---- DATA EXTRACT

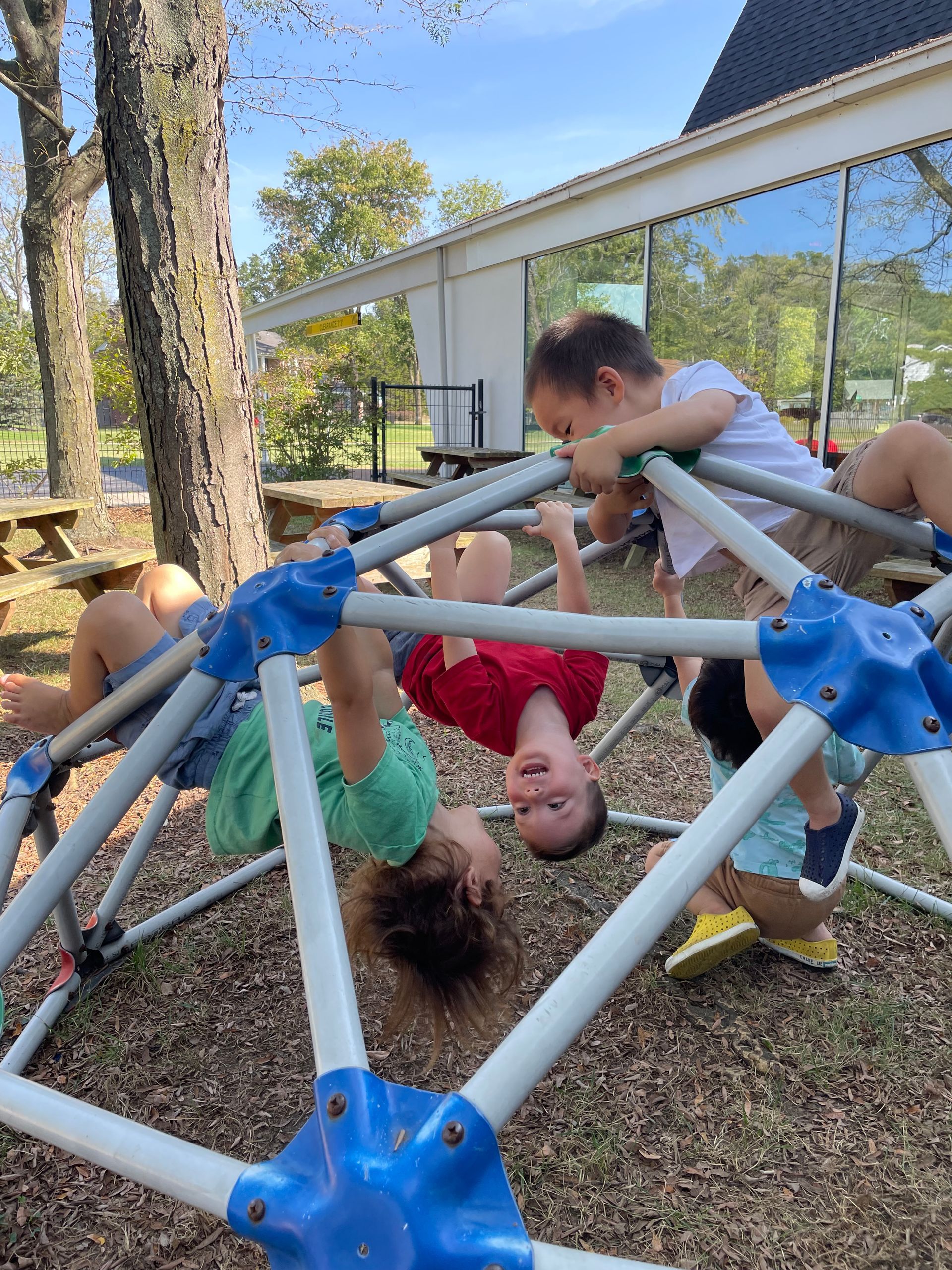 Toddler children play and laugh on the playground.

--------
---- DATA EXTRACT

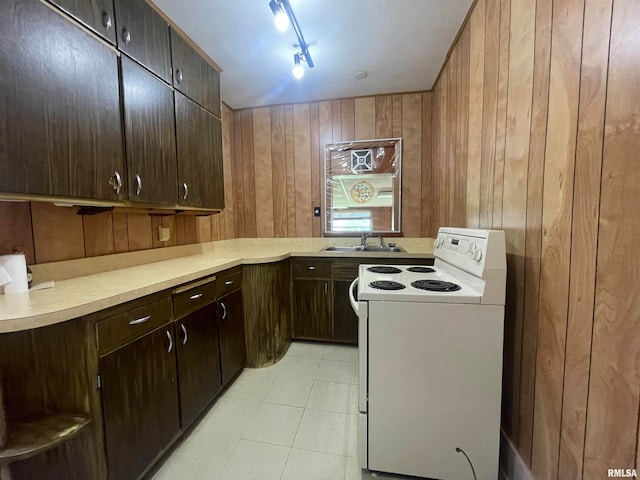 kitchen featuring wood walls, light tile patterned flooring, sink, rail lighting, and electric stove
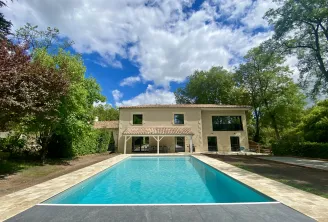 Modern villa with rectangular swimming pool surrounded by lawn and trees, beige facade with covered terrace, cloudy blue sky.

--------
---- DATA EXTRACT

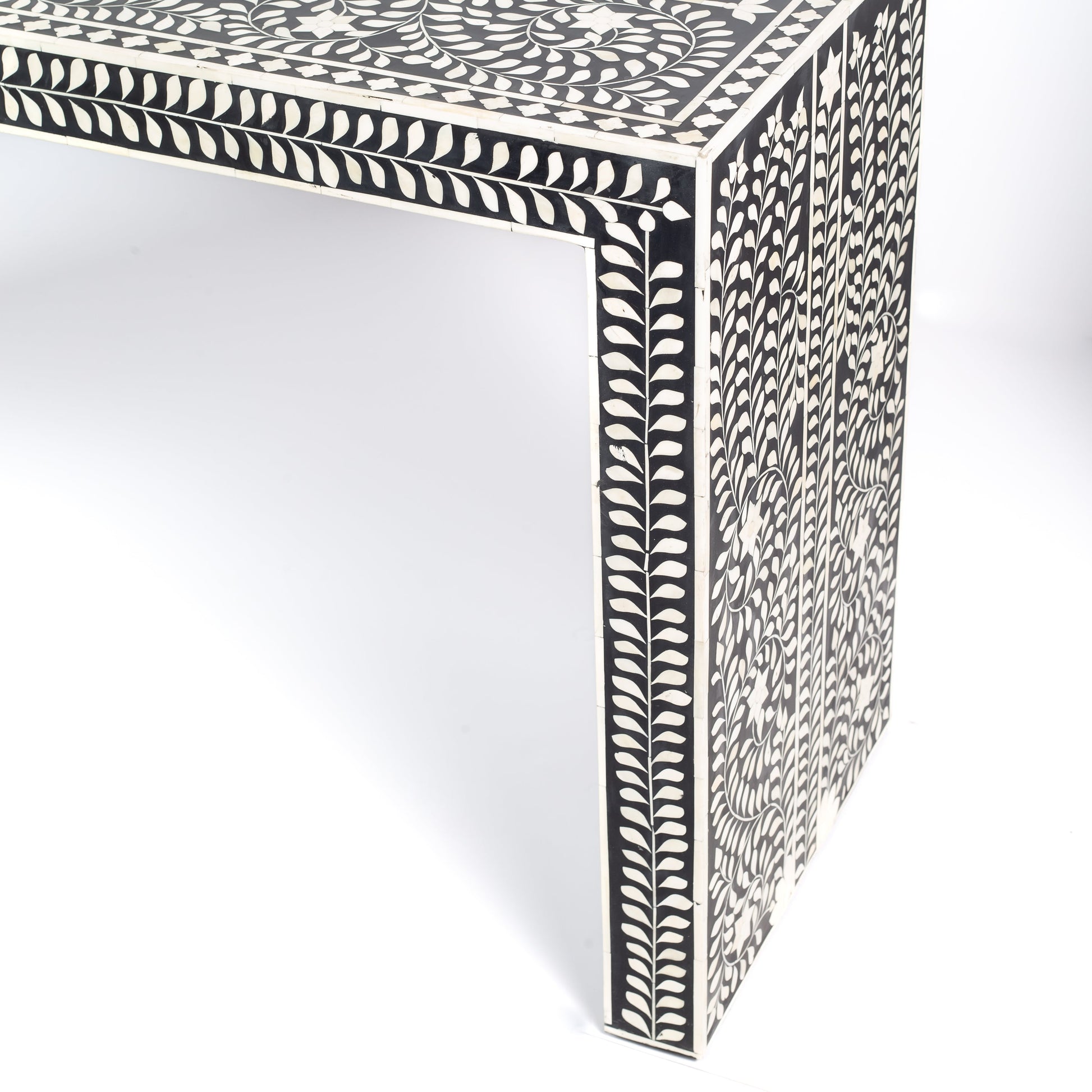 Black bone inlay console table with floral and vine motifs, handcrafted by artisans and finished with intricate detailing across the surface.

--------

Your reply should consist solely of the lines above from the line containing "kitchen featuring wood" up to and including the line containing "Modern villa with", reproduced exactly, minus the pictures.

 kitchen featuring wood walls, light tile patterned flooring, sink, rail lighting, and electric stove
 Modern villa with rectangular swimming pool surrounded by lawn and trees, beige facade with covered terrace, cloudy blue sky.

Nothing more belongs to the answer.